A nod. Her affect had changed: still worried, but lessened, more calculating. No surprise at anything he'd said. Of course, she was the Magister: the office came with a frankly unnerving degree of power, and access to all sorts of information that even Edmund had refused to share with anyone.

But even Edmund didn't know what had happened at Providence. No one did. No one but Magister Mercedes Hahn, who had somehow destroyed Shokat Anoushak and an army of horrors in a single mysterious stroke.

“Carry on,” she said. She nodded at Edmund. “When he wakes, inform Mr Templeton that both of you are to back off. No deal on the devices. No dealings with Barrio Libertad until I tell you otherwise. Continue confiscating Bernault devices as you encounter them, and if the Susurration or any of its agents appear again, you are to bring the matter to me.”

Istvan rubbed his wrists. Direct orders. “Yes, Magister.”

“Oh,” she added as she turned to leave, “and tell Mr Templeton that he should be more suspicious of strange women from this day forward. You never know what they might be carrying.”

The curtain swung back into place behind her.

“Yes, Magister,” he muttered.

He reached for his embroidery again.

E
dmund winced
as something realigned itself in his arm. It didn't hurt, numb as it was, but the dull slither of internal motion wasn't pleasant. He grasped his own bandaged wrist, trying to keep it steady.

Istvan stopped. “Too quickly?”

“Would you please stop fussing and get it over with?”

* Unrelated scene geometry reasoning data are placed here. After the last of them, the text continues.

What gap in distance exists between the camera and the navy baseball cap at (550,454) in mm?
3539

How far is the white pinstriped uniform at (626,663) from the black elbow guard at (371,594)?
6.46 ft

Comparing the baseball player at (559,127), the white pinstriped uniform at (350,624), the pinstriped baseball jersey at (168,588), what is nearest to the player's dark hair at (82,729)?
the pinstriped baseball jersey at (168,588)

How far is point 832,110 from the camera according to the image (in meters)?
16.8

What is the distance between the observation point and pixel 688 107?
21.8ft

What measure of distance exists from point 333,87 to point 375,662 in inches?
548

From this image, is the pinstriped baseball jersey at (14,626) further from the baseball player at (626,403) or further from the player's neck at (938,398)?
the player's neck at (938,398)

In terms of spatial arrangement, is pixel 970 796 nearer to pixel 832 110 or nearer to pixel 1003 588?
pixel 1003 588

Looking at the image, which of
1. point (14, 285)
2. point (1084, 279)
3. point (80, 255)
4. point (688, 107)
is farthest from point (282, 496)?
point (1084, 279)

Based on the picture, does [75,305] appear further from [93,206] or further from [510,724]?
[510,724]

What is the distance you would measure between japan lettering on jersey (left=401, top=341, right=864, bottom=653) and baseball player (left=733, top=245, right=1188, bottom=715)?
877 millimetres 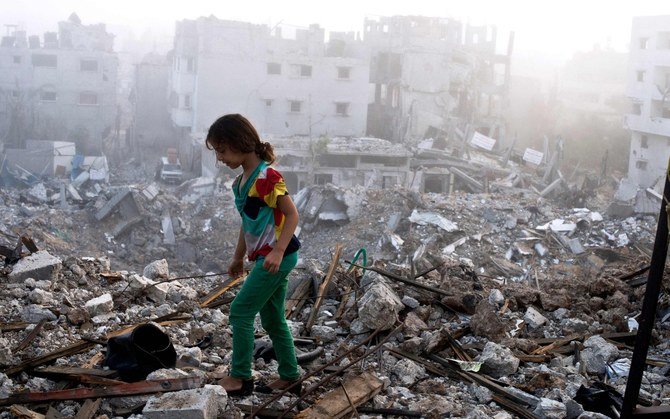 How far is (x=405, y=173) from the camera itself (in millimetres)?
27672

“You nearly had your arm bitten off by a tiger – I believe I'm entitled.”

“It wasn't nearly bitten off, I'll be fine, and as I recall, when I was run through by that sword-claw and stuck in recovery for three weeks, you acted like it was a paper cut.”

“That's because I've dealt with sword wounds. More at university alone than you've ever seen in your life. Some of them mine.” He shifted something else. “This is different.”

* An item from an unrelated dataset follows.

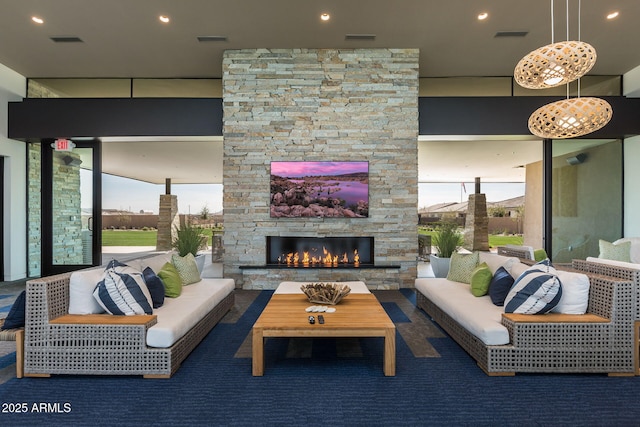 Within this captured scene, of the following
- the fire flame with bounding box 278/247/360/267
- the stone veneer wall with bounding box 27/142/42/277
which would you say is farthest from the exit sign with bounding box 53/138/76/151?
the fire flame with bounding box 278/247/360/267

Edmund gritted his teeth. Being crushed between fangs and then dragged at high speed through the dirt hadn't done his arm any favors, and he understood the need to get rid of any bits of rock or bone or whatever else that had lodged in it. That didn't mean he had to sing the experience any praises. “Happy to provide a learning experience.”

Istvan snorted.

Edmund tried to focus on something else. He would have to fix the sleeve of his shirt and jacket. Patch a cape trodden on by claws and torn off its fastenings. He had a few spares, but it was getting harder and harder to keep his ensemble in good condition. Double-breasted suit jackets and replacement opera capes weren't a typical consumer demand these days.